Atrás
dos morros, nas favelas, nos bairros mais pobres e desumanos; estão eles que
representam nada mais que índices cabulosos às autoridades. Eles, que
normalmente são acusados de roubo,
tráfico, prostituição; eles, detentores de armas, de objetos furtados nos
bairros ricos; eles, cheiradores de pó.Os diabos vestidos de prada, que nos
enfiam mãos nos bolsos nossos, parecem-nos menos perigosos que aqueles vindos
das portas dos fundos do Brasil. Parece
que, com uma mão, a justiça acaricia os bandidos vestidos de terno e, com a
outra, envolta à navalhas, dilaceram aqueles que mal sabem por que ou para que
estão no mundo.
Se
um assassino louco sai de casa armado e aponta a cabeça de um cidadão de bem, o
que importa, para a justiça, e para quem o vai condenar, é saber de onde ele
veio. Se saiu da casa de seu pai rico, entrou em um carro importado e passou
por cima de um... Quem se importa? Foi sem querer, não foi? Em pouco tempo,
quando todos esquecerem - e todos se esquecem rápido demais -, ele já poderá
dirigir de novo e estará fora da cadeia. Mas, se uma mãe faminta invade uma
farmácia para roubar, ela será mais uma a encharcar de lágrimas uma cela que já
transborda gente que saiu das portas dos fundos.
O
moleque fedorento, que anda nas ruas a mendigar doce, incomoda. O mendigo que
invade, quase nu, aquele restaurante importante, incomoda. O pedidor de moeda,
incomoda. As mulheres que vendem seus corpos, incomodam. Eles são quem vai
pegar nosso dinheiro para comprar drogas. Eles são quem representam a falta de
segurança das grandes cidades. Eles são eles, e não são nada. Já os
latifundiários, colecionadores de terras produtivas que não produzem,
acumuladores de sacos de dinheiro, que não oferecem empregos, que mutilam
índios, que poluem... Quem são eles? Eles são o progresso, o futuro, a solução,
a mão que nos acaricia e mima. Eles não incomodam ninguém e pecam menos que
aqueles que já nasceram para pecar.
Se,
de um lado, faltam profissionais em bons empregos, do outro, existem centenas
dos chamados trombadinhas que nem sequer souberam ou saberão o real significado
da palavra 'oportunidade'. A oportunidade de não precisar roubar, de deitar na
cama sem que o policial lhe bata à porta para levar-lhe embora, oportunidade de
não ficar pelas calçadas, a passos largos, invadindo pessoas. Oportunidade de
ser ouvido pela sociedade que o julga.
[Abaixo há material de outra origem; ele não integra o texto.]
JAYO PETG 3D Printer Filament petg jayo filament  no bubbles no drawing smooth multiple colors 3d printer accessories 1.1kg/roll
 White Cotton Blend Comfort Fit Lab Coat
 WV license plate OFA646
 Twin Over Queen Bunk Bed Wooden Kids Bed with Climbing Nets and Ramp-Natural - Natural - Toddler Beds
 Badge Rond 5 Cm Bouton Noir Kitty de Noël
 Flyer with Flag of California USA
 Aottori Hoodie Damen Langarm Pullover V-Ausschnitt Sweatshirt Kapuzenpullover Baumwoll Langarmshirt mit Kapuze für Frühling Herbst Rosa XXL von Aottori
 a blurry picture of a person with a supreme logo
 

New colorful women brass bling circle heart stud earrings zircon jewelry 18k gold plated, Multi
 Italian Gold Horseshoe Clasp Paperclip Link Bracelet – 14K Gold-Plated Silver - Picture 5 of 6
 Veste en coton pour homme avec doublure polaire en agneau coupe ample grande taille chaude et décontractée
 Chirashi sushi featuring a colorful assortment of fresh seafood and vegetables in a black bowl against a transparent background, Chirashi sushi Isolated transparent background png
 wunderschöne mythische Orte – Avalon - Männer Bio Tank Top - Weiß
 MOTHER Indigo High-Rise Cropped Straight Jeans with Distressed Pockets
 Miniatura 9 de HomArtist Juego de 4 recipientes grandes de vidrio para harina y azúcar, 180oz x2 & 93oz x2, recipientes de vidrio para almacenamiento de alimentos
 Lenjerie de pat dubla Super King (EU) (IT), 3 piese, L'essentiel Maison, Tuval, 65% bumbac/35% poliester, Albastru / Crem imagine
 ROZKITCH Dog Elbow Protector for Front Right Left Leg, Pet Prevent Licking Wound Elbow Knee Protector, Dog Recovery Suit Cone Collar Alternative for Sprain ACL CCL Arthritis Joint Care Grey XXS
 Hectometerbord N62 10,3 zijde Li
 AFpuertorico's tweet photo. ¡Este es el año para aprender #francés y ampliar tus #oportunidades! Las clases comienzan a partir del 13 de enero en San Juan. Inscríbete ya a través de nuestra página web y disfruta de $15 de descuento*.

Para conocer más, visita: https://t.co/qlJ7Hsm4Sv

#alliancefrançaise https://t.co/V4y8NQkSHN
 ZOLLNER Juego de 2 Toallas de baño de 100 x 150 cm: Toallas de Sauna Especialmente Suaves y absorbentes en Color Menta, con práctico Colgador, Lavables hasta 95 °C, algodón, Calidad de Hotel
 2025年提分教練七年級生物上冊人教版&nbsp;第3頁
Oportunidade de ter defesa diante da
Justiça cega, oportunidade de se fazer e se ser, sem se preocupar com novas ou
antigas leis e, principalmente, a oportunidade de estudar.
O
Brasil, para começar a ser Brasil, precisa descriminalizar a pobreza. Políticas
públicas precisam ser refeitas e repensadas. Repensados, também, precisam ser
os pensamentos daqueles que, mesmo diante dos direitos humanos, defendem a pena
de morte, defendem os policiais que utilizam-se de seu poder para humilhar e
maltratar. Repensados, precisam ser, em verdade, os pensamentos daqueles que se
calam diante das tragédias que presenciam e ajudam a edificar.